Francette Popineau, secrétaire générale du SNUipp FSU
Quelle est votre réaction à cette annonce de revalorisation faite par Jean-Michel Blanquer ?
Il s’agit d’une annonce en trompe-l’œil, car cette mesure figurait déjà dans les accords PPCR (Parcours Professionnels, Carrières et Rémunérations). Si ces accords avaient été respectés, cette revalorisation aurait dû être appliquée dès janvier 2018 ! Le ministre parle d’une revalorisation de “300 euros en moyenne”, or ce n’est pas vraiment le cas car cela dépend des échelons. Les débutants ne percevront rien, ce sont les enseignants du huitième échelon après 20 années d’expérience qui percevront le plus avec une augmentation de 30 euros par mois. Le gouvernement a réussi à retarder le calendrier et à geler le point d’indice, et n’a proposé aucune augmentation. Le nouveau rapport de l’OCDE fait un constat sans appel : les enseignants du 1er degré sont les moins bien payés de l’Union Européenne. Et cela tord le cou aux idées reçues : ce n’est par exemple pas parce qu’ils travaillent moins d’heures que dans les autres pays. Les enseignants français font 900 heures par an, quand les enseignants des autres pays européens en font 757.
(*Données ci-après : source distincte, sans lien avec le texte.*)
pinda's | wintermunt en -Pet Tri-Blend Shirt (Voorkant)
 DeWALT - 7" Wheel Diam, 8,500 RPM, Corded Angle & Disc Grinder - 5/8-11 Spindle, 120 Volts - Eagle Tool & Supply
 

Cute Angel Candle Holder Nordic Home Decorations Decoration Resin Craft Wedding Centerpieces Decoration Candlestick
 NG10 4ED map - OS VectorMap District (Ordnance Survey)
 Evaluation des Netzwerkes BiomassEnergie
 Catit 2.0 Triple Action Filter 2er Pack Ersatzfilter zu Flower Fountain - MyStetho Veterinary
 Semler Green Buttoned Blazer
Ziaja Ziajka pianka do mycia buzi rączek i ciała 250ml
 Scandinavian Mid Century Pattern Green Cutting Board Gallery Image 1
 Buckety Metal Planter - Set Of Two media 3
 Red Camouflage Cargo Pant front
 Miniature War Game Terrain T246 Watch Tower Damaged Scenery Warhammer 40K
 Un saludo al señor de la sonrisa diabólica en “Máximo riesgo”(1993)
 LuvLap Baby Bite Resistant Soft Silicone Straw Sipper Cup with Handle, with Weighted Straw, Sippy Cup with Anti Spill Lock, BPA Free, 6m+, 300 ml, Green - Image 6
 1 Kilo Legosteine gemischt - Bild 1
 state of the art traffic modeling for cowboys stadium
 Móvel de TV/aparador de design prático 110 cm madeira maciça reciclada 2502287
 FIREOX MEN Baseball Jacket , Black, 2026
Quelles sont les revendications du SNUipp ?
Nous prenons le ministre au mot : comme le ministre de l’Education nationale nous a promis une revalorisation de 300 euros, nous allons la réclamer et demander 300 euros par mois ! Ensuite, nous demandons en urgence des groupes de travail sur la question des salaires, car ce n’est plus possible qu’un enseignant diplômé d’un bac +5 se retrouve avec un salaire de 1600 euros.
Les enseignants ont un salaire de base faible, et l’augmentation se fait lentement au fil de la carrière. Les débuts de carrière sont pénalisés et cela nuit à l’attractivité de la profession.
Comment expliquer le fait que les enseignants français aient un salaire de base faible ?
Historiquement, on considérait que c’était un métier de vocation, pour lequel on ne cherchait pas nécessairement à s’enrichir. Or au moment où l’on a exigé des études supérieures à bac+5, l’équivalent financier n’a pas suivi. Sur le long terme les enseignants français ont perdu en pouvoir d’achat. Le salaire mensuel moyen est de 2 304 € nets pour un professeur des écoles quand il est de 3 513 € nets pour un lieutenant de police, toutes les deux professions intermédiaires de catégorie A.
Quels sont les sujets d’actualité du SNUipp ?
Nos gros sujets du moment sont les salaires et les retraites. Ce sont des thématiques liées, nous menons une campagne sur les salaires et la révision des grilles, et nous exigeons de vraies discussions sur ce sujet qui a une incidence sur les retraites.
Si le système de retraite à points entre en vigueur, les enseignants seront parmi les plus pénalisés. Le SNUipp est favorable à une amélioration du régime existant et non à un système à points. Nous n’hésiterons pas à nous mobiliser.
Les collègues commencent à voir une déperdition conséquente pour eux, il y a vrai sujet qui télescope de plein fouet les salaires, car les retraites ne seront plus calculées sur les 6 derniers mois.
Comment expliquez-vous le manque d’attractivité de la profession ?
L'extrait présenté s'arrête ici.